Kemarin saya melewati para pedagang kuliner yang mangkal di portal samping rumah, terlihat sepi dari pembeli. Padahal biasanya ramai macam suasana di foodcourt mal-mal, jadilah saya bertanya kok sepi.
Berbarengan mereka menjawab, ada yang mengatakan alhamdulillah. Ada yang menjelaskan keadaan ini biasa terjadi saat liburan panjang yang umumnya dipergunakan untuk liburan ke luar kota.
Kata alhamdulillah acapkali mereka pakai bahkan di saat  situasi sedang tidak baik, macam saat saya sapa ketika mereka akan pulang ( karena mereka menitipkan bangku-bangku di teras belakang rumah ).
"Memang dagangannya sudah habis?"
"Alhamdulillah."
"Yah sayang, padahal saya pingin bubur polosan aja."
Eh tukang bubur menjawab masih ada, mangkok yang saya bawa diisinya dengan lengkap segala ubo rampe bahkan sate dan tukang bubur tak mau menerima bayaran.
Begitulah para pedagang tersebut selalu bersyukur, entah sedang laris atau sepi. Keadaan sepi sebenarnya jarang terjadi namun liburan panjang yang acapkali terjadi belakangan ini sedikit merubah tradisi kelarisan.
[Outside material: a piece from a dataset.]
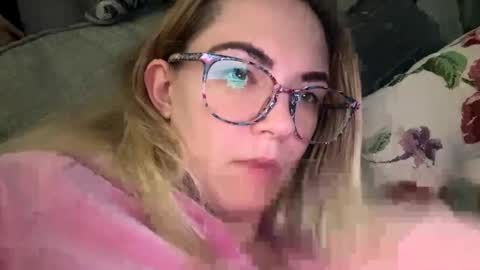 Mariah  online show from December 8, 2024, 12:30 pm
Karena dagangan umumnya selalu laris maka bisa dikata mereka memiliki safety net yang lebih dari cukup. Paling tidak tukang bubur mengendarai vespa merah terbaru, tukang mie ayam berhasil melunasi mobil Avanza yang sempat dikejar-kejar debt collector bahkan pedagang soto ayam bisa memiliki 2 kendaraan. Yang pertama mobil Avanza seken dibeli patungan dengan pamannya dan dimanfaatkan sebagai taksi online. Tidak berhenti disitu tukang soto yang memakai nama Kachong ( anak lelaki dari bahasa Madura ) selanjutnya membeli mobil Honda HRV. Yup mobil yang sering diposisikan sebagai mobil eksekutif muda itu bisa dimiliki dari berdagang soto.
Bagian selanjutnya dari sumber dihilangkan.